“That’s it?”
“For now.”
“Well, that’s just fucking fine.”
“Tomorrow,” Johnny said. “Five o’clock. I’ll come to your apartment.”
“And your parents?”
“Right after. We’ll have that dinner. The four of us.” It was a difficult moment because Jack wanted his friend, and Johnny wanted the walk, to feel it build. “Are we square?”
Jack nodded slowly, and to Johnny it was an ending. He stepped back, and waited as Jack turned across the empty pavement. When he was gone, Johnny walked the bent road and the long, sweet dirt. He climbed a buckled gate, and then another, until home was a line through the forest, a shimmer he could actually see. Maybe that was wishful thinking, or delirium. It didn’t matter. He stepped over the line, and felt the place flood into him. It was a weight, a warmth; and with all that heat inside, Johnny folded into the earth as if he were an orphan child and the Hush his mother, resurrected.
* * *
When Jack returned to town, he went to the office. His billable hours were way down, and he was most likely on a blacklist over Johnny’s apparent involvement with Boyd’s death, and the sudden loss of that potential revenue. Some partners were reasonable; others lived on ego, spite, and power. That was the nature of the business, and something Jack understood by the second year of law school. It still mattered to him, though: the diplomas, the nameplate on the door. That was about growing up voiceless and small and crippled. Jack loved his career for the same reason he loved Johnny—because they were the only things of worth to survive that childhood.

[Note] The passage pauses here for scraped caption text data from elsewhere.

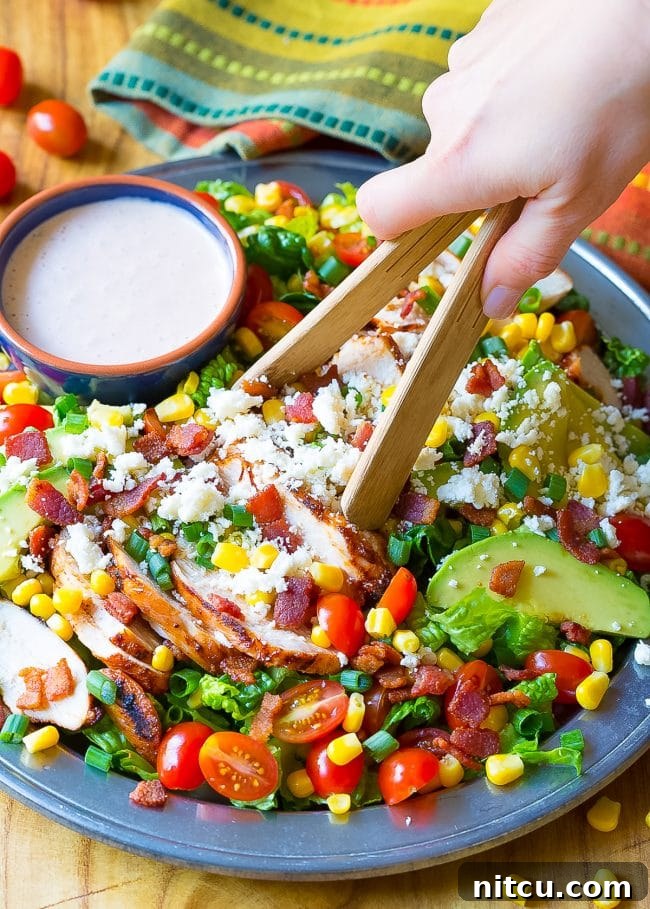 Fiesta Chicken Salad 7 Hand is tossing the Mexican chicken salad in a bowl with wooden tongs.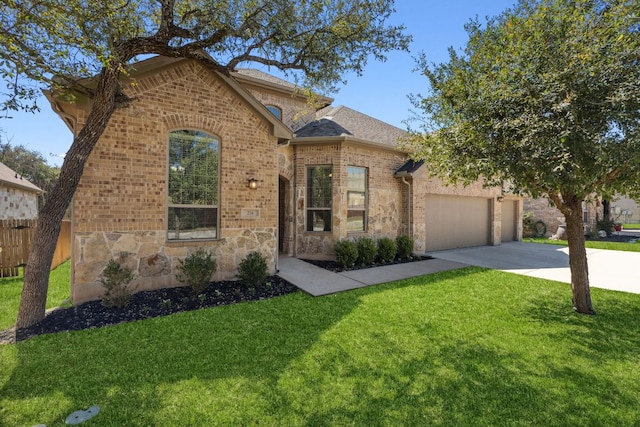 view of front of house featuring a front lawn, driveway, fence, a garage, and brick siding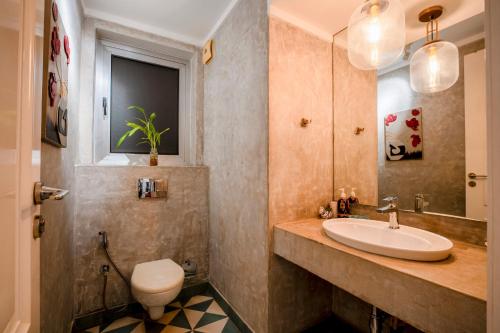 a bathroom with a sink and a toilet at HideAway 2BHK Duplex Villa, North Goa (STU) in Mapusa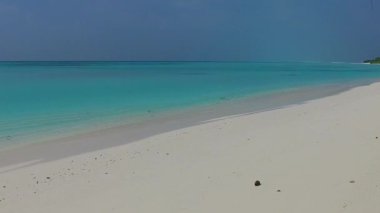 Lüks sahil plajlarının güneşli deniz manzarası şeffaf su ve tatil köyü yakınlarındaki beyaz kumlu arka planla kesiliyor.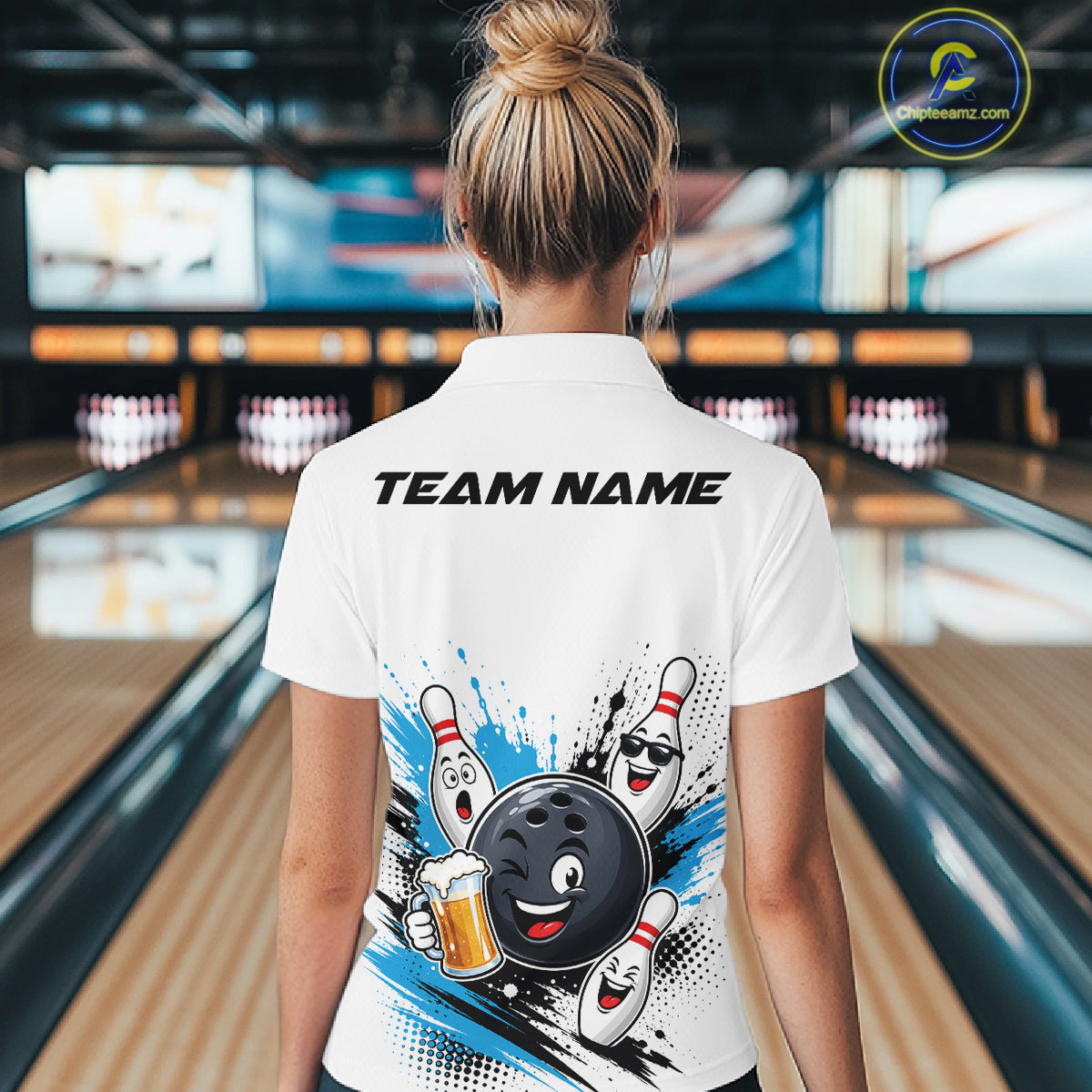 A woman viewed from behind wearing a white bowling-themed short-sleeve polo shirt with a large cartoon bowling ball and pins graphic on the back, standing in a bowling alley.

“Susan.” He spoke to an assistant; nodded at an associate beyond an open door. He kept a smile on his face, but it was all an act. A paralegal brushed his shoulder, and he flinched. Cold eyes watched from a corner office. Safe in his own space, Jack closed his door against the firm, trying to understand why it felt so pointless and shallow and false.
Because it is.
The smiles. The brief nods. Had Johnny killed William Boyd, it would have gone away, all of it. And people expected it to. That’s what he’d seen on the way in. Surprise and pity and dislike. Jack’s suspicion was confirmed when he turned for the desk and saw the daily paper with a photo of Johnny and of a private jet beneath bold print reading, BILLIONAIRE’S FAMILY ARRIVES AT LOCAL AIRPORT, NOTORIOUS LOCAL STILL IN CUSTODY. Beside the paper was a battered copy of the book about Alyssa’s death and Johnny’s childhood. Jack’s picture was in there somewhere. The sunburned face. The gimp arm.
People don’t know …
They thought Johnny was still in jail, thought Jack’s best friend was a killer. The firm would never fire him for that—it would be impolitic—but Jack had been found guilty by association. For a moment, Jack was frozen; then the anger came, a coal of it down low.

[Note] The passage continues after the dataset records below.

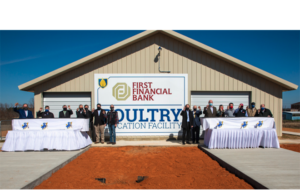 Trey Berry, president of Southern Arkansas University, donors, Board of Trustee members and administrators conclude a ribbon-cutting ceremony for the&nbsp;First Financial Bank Poultry Education Facility with an &ldquo;egg cracking."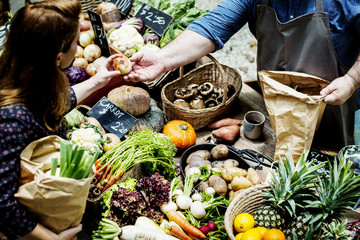 People buying fresh organic vegetable at market - obrazy, fototapety, plakaty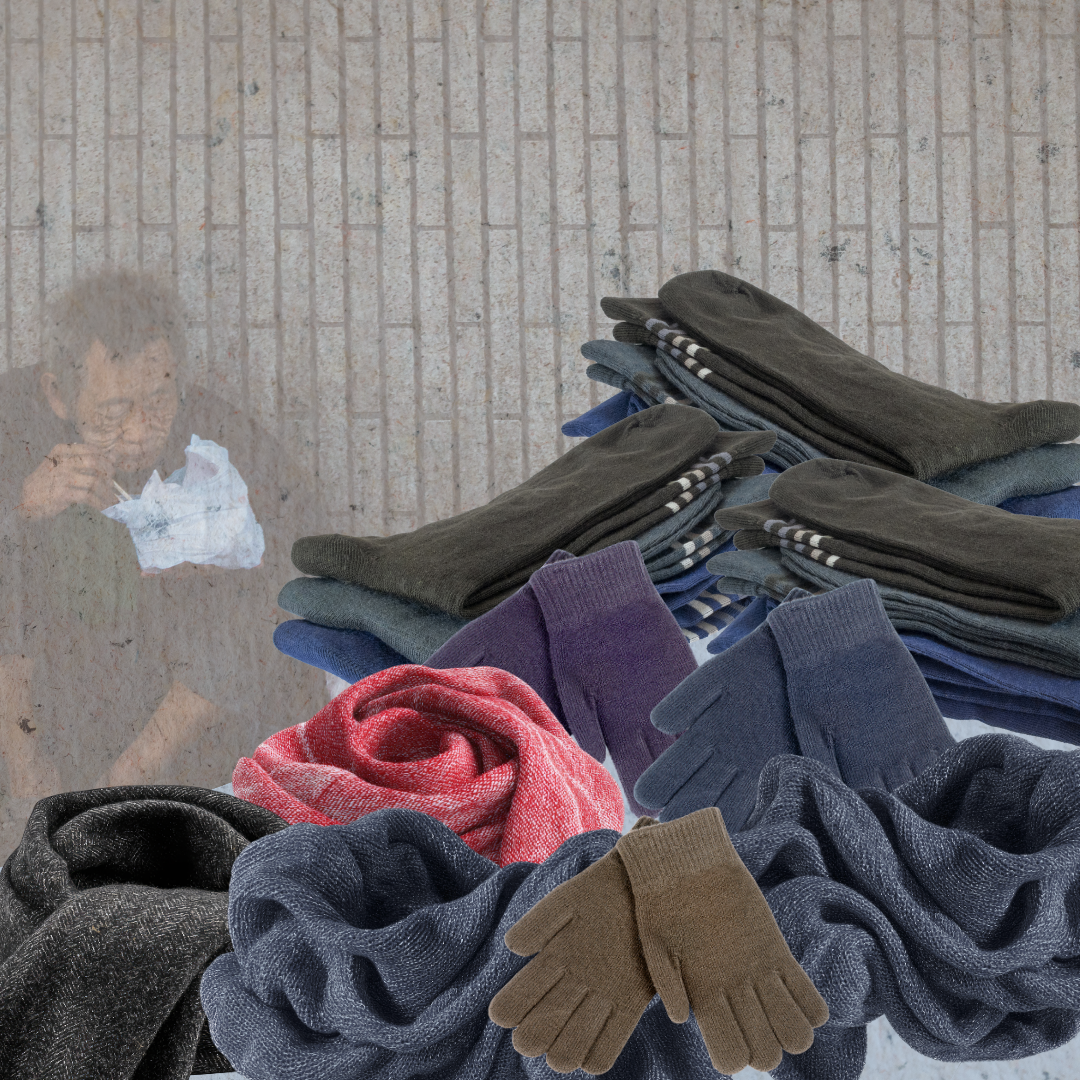 Shows  a homeless man sitting against the wall. In front of him is a table with socks, scarves, and gloves.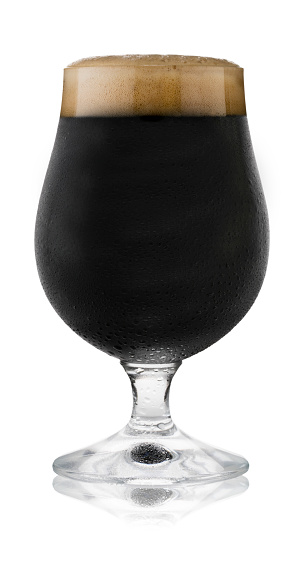 Isolated image of a refreshing glass of stout, in a schooner glass, with condensation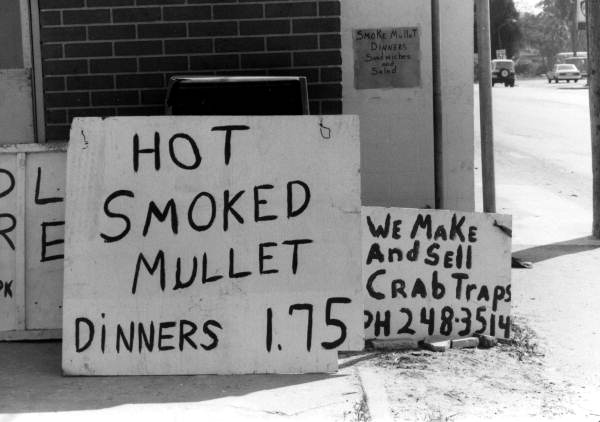Hand painted signs selling mullet and crab traps- Tampa, Florida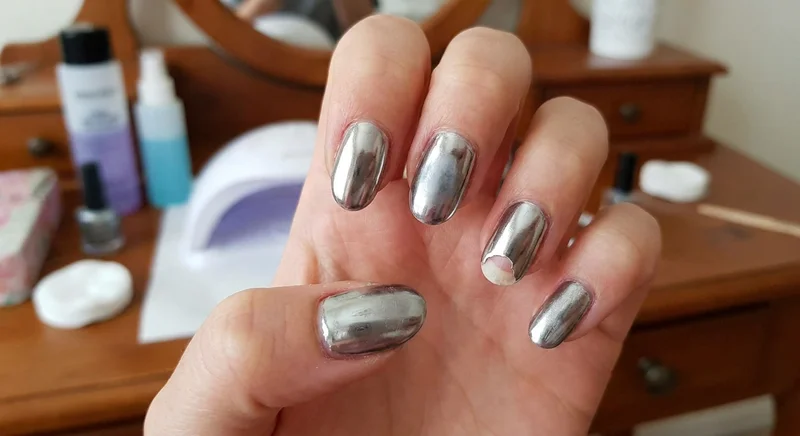 Dłoń ze srebrnym, lustrzanym manicure, z widocznym dużym odpryskiem pyłku u nasady jednego z paznokci.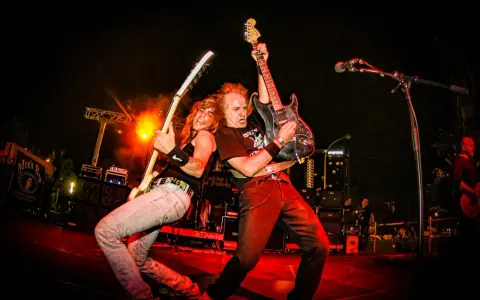 Dos guitarristas de las ruedas grupo musical tocan con pasión en un escenario iluminado por luces rojas y naranjas.
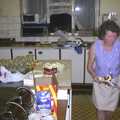 2003 Sylvia works in the kitchen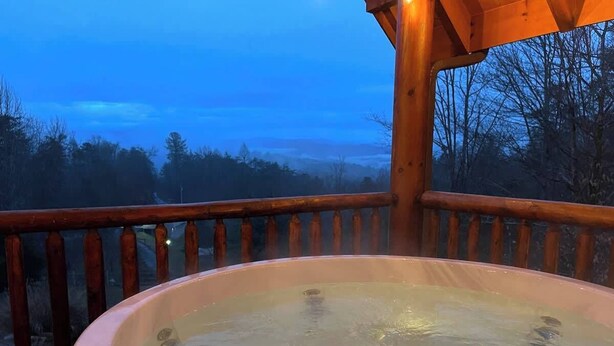 Un jacuzzi en una terraza de madera con vistas a árboles y colinas.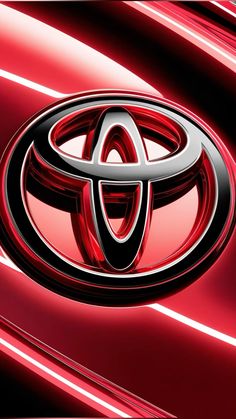 the front end of a red toyota logo on a shiny metal background greeting card by jorgom photography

“Who put this in my office?”
He was in the doorway, and people were staring.
“Susan? Mark?”
A dozen people were close enough to hear, but no one met his gaze.
“Is there a problem?” A senior associate stepped from the adjacent office and looked pointedly at his watch. “Nice of you to join us today.”
Jack raised the paper. “Did you put this on my desk?”
“It’s a newspaper, Mr. Cross. I’m sure there’s one on most desks in the building.”
“He’s no killer,” Jack said. “They let him go this afternoon.”
“I’m sure we don’t care.”
He turned away and left Jack in a bubble of quiet rage. Heads were still down, no one looking. Back in his office, Jack tossed the paper, tossed the book. His anger felt foreign and strange. He’d known so much of it during childhood that he’d trained himself to go cold rather than hot, to think before reacting. It’s why the law appealed, because it was cerebral and offered control.
But Jack had no control.
Emotion moved him from the door to the window and back, then awareness settled like a cool fog. It wasn’t anger, but fear.
Jack was frightened of losing his friend.
Choosing files at random, Jack stepped from the office and stopped at an assistant’s desk. “I’m working at home this afternoon. Call me there if anyone needs me.”
“Yes, sir.” The young woman nodded, and Jack turned. “Oh, sir. Excuse me. Messages.”
She held out a sheaf of messages, and Jack took them without a word. From the downstairs lobby, he pushed onto the sidewalk and turned for the apartment. It was hot, traffic moving. Three cars down, he saw two men in an Escalade, but paid no attention. They were watching, but he didn’t care. Maybe it was the bad arm, the fast walk. A right turn took him past condos and the local bank. Two blocks after taking a left, he slipped into a door beside the bakery and pounded narrow stairs to his apartment on the third floor. Behind the heavy door, he put down his things, splashed water on his face, and sat in the gloom beside drawn curtains.
Am I really losing my friend?
Johnny liked his secrets—that was true. He’d always been quieter than most. But the secrets had been smaller, too. What he felt. What he wanted. Even as a boy, he’d rarely looked for permission or understanding. To Jack that quality had made Johnny dangerous, and he’d liked being part of it: them against the world. But the secrets now were darker.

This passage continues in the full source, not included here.